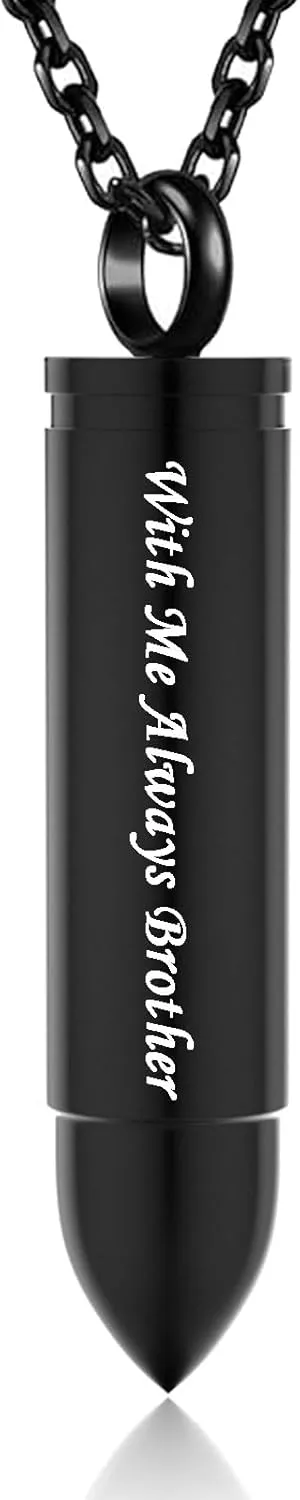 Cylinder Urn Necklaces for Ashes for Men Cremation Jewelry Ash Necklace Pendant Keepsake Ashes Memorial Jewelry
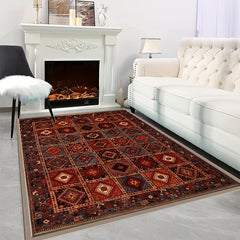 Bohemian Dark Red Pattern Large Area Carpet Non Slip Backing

---

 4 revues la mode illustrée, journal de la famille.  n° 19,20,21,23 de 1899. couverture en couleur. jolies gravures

→ WHAT YOU SHOULD DO
Reproduce, exactly and only, the lines of the records above starting at the line with "Cylinder Urn Necklaces" and ending at the line with "Bohemian Dark Red", both included. Leave every picture out.

→ RESPONSE TO THIS TASK
 Cylinder Urn Necklaces for Ashes for Men Cremation Jewelry Ash Necklace Pendant Keepsake Ashes Memorial Jewelry
 Bohemian Dark Red Pattern Large Area Carpet Non Slip Backing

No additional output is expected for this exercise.